- _Work order_: Retype the line in which "this 1345×896 image." appears, then every line after it until the records end. Leave out the pictures.

START Data

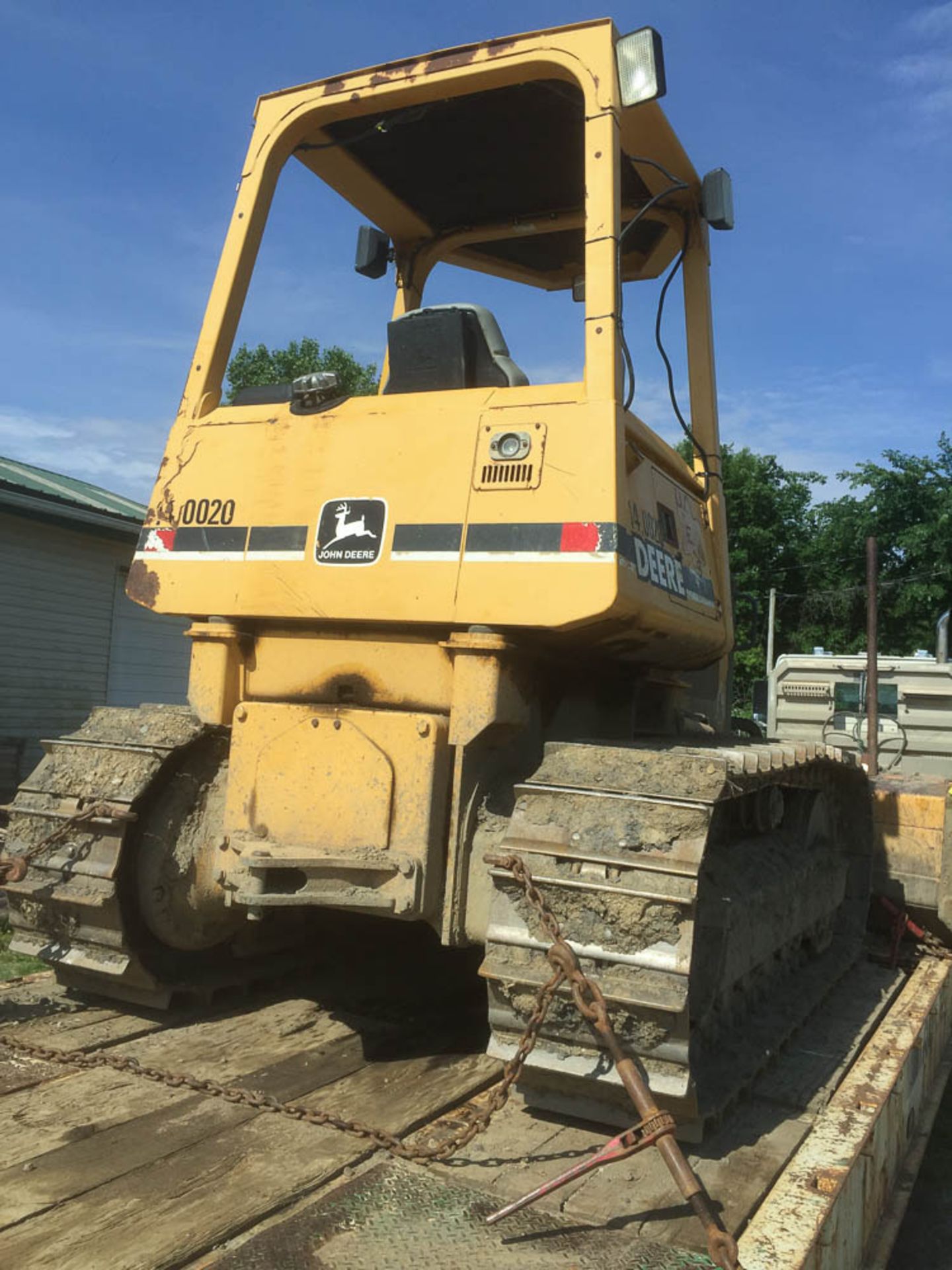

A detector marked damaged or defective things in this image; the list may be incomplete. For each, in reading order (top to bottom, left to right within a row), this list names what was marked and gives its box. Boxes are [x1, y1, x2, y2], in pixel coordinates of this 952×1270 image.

rusty chain [0, 802, 136, 884]
rusty chain [0, 853, 604, 1163]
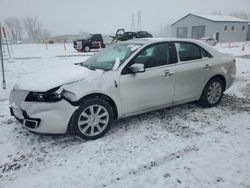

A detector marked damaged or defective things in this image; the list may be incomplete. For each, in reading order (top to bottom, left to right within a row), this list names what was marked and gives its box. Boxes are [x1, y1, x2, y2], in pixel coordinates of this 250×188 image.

broken headlight [25, 87, 62, 103]
crumpled hood [14, 63, 99, 92]
damaged white car [9, 38, 236, 140]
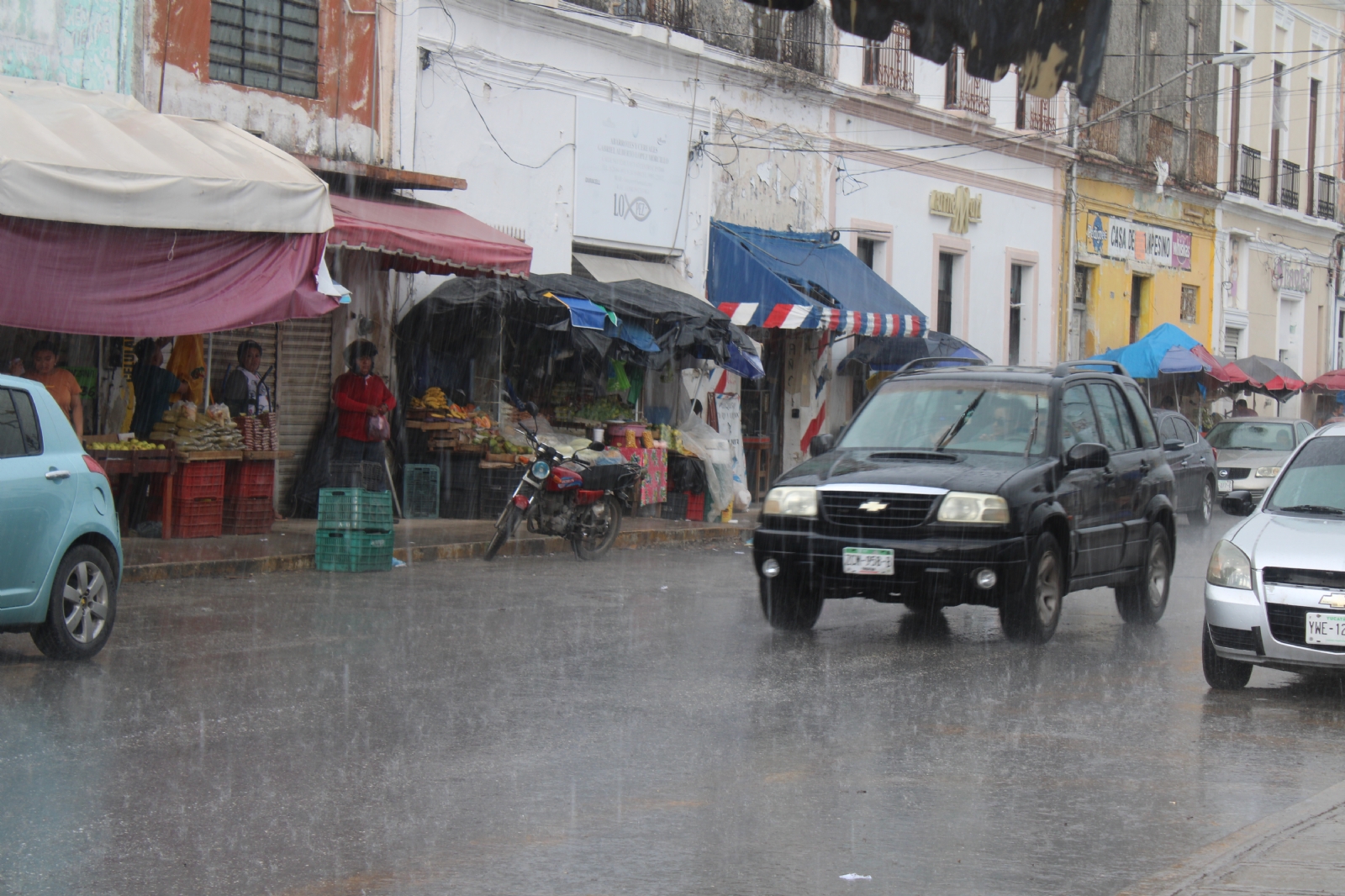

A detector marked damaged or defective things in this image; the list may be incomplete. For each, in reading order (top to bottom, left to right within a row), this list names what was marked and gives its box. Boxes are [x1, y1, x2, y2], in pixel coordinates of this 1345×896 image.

weathered wall with peeling paint [0, 0, 138, 93]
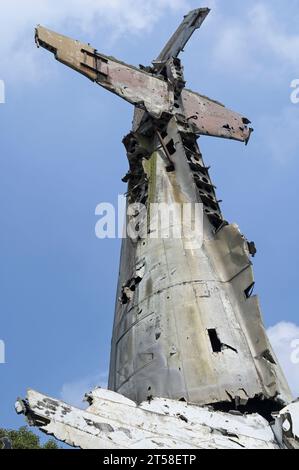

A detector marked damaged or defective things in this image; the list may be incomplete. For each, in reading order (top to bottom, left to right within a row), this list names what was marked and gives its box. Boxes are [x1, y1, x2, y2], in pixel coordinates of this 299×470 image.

broken wing section [34, 25, 170, 118]
broken wing section [182, 90, 254, 143]
rusted metal surface [16, 388, 284, 450]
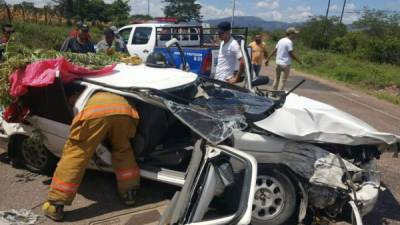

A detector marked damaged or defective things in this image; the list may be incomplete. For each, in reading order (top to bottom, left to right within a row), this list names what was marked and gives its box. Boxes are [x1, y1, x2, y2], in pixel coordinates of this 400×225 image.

severely damaged car [0, 62, 398, 225]
broken windshield [163, 79, 276, 144]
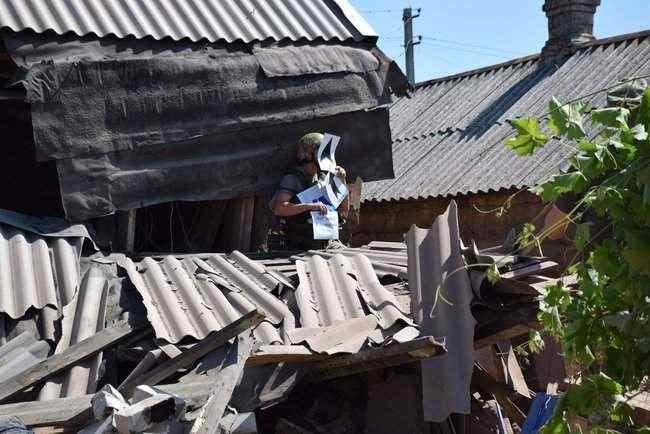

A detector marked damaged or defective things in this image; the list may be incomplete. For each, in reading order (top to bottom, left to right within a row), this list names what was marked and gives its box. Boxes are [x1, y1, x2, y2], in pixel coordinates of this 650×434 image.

broken roof edge [412, 28, 644, 90]
splintered wooden plank [0, 322, 147, 404]
splintered wooden plank [117, 308, 262, 396]
splintered wooden plank [306, 338, 446, 382]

END Data

- _Response for this exercise_:
A detector marked damaged or defective things in this image; the list may be incomplete. For each, in reading order (top to bottom, left to right within a row), this list names what was marked and gives its box. Boxes are [x1, y1, x2, y2], in pixel coordinates of this 1345×896 image.

weathered wall with peeling paint [0, 0, 138, 93]

A detector marked damaged or defective things in this image; the list may be incomplete. For each, in reading order (top to bottom, left to right within a row), this list names what was marked and gives its box. Boxes are [x1, y1, x2, y2], in pixel coordinates of this 299×470 image.

broken wing section [34, 25, 170, 118]
broken wing section [182, 90, 254, 143]
rusted metal surface [16, 388, 284, 450]

A detector marked damaged or defective things in this image; the list may be incomplete. For each, in reading order (top to bottom, left to right within a row), this list names what was marked and gives its box. Boxes are [x1, y1, x2, y2], in pixel coordinates of this 400×225 image.

severely damaged car [0, 62, 398, 225]
broken windshield [163, 79, 276, 144]

A detector marked damaged or defective things in this image; the list may be incomplete. For each, in reading order (top to bottom, left to right within a row), this list names what was marked and gives its box. Boxes are [x1, y1, x2, y2], in pixel coordinates of this 650×434 image.

broken roof edge [412, 28, 644, 90]
splintered wooden plank [0, 322, 147, 404]
splintered wooden plank [117, 308, 262, 396]
splintered wooden plank [306, 338, 446, 382]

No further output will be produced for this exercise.